+++ Recorded data +++
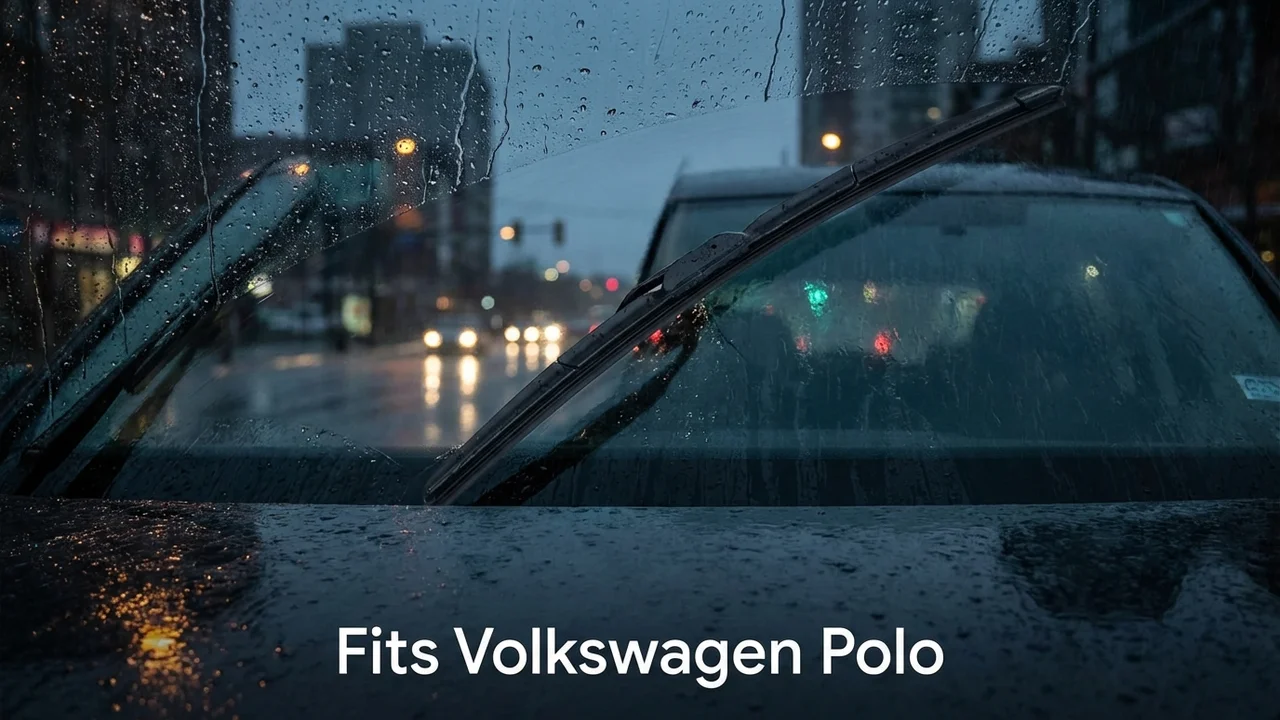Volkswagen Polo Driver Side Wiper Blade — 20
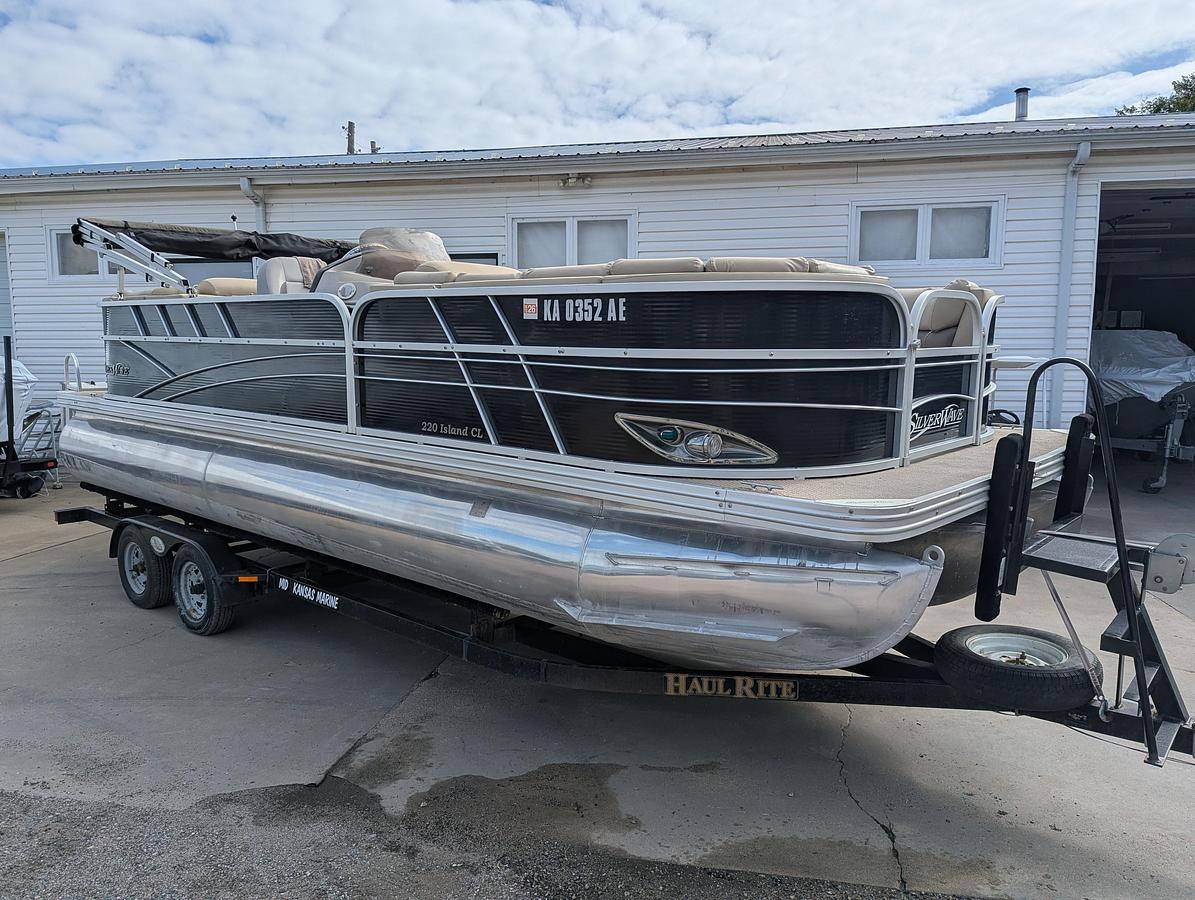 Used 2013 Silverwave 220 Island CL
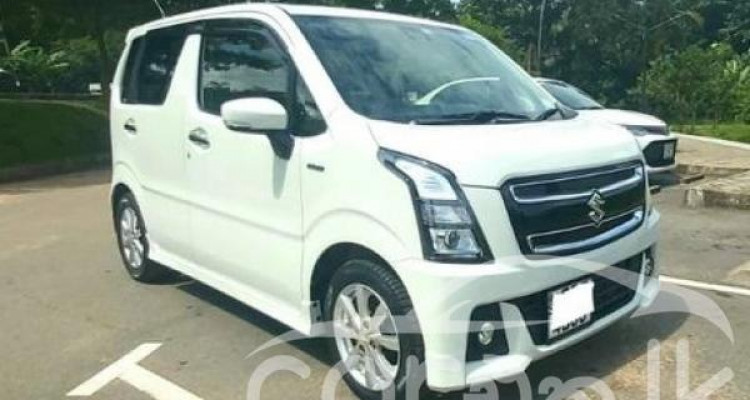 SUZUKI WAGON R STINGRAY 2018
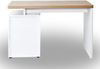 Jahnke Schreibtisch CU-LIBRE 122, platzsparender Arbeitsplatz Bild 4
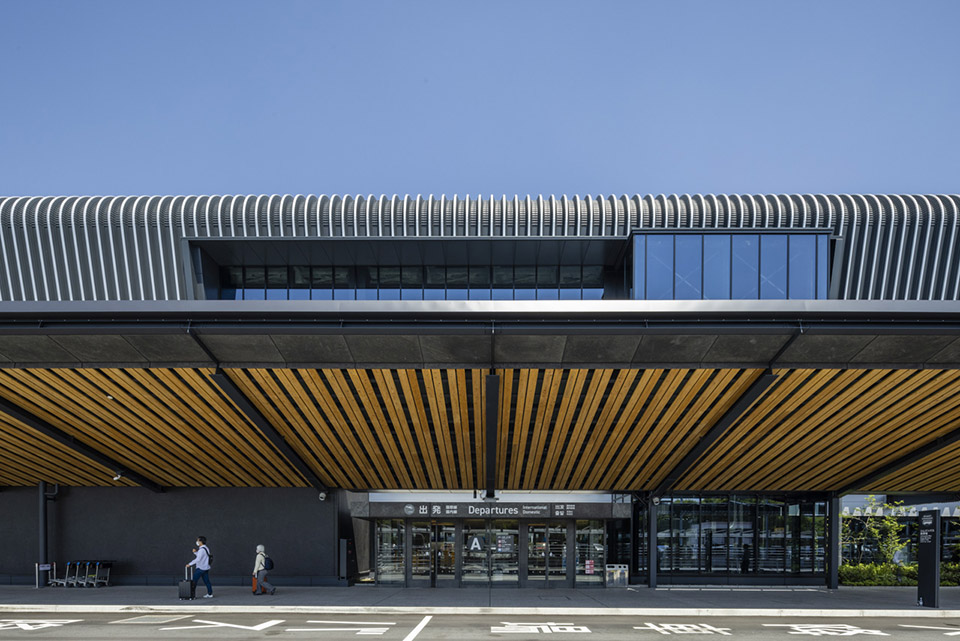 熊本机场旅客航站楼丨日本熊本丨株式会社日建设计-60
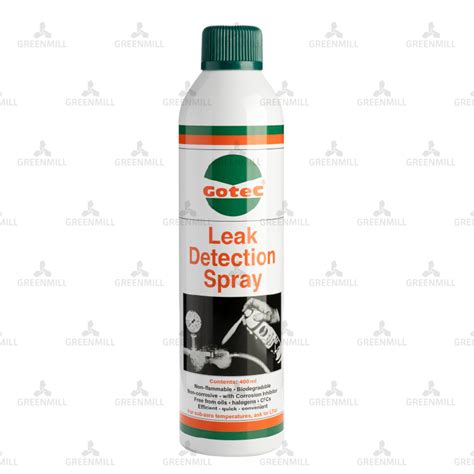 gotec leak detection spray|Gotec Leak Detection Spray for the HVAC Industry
+++
If pictures appear, drop them, and retype exactly the lines from the "Jahnke Schreibtisch CU-LIBRE" line through the last line of the data above.

 Jahnke Schreibtisch CU-LIBRE 122, platzsparender Arbeitsplatz Bild 4
 熊本机场旅客航站楼丨日本熊本丨株式会社日建设计-60
 gotec leak detection spray|Gotec Leak Detection Spray for the HVAC Industry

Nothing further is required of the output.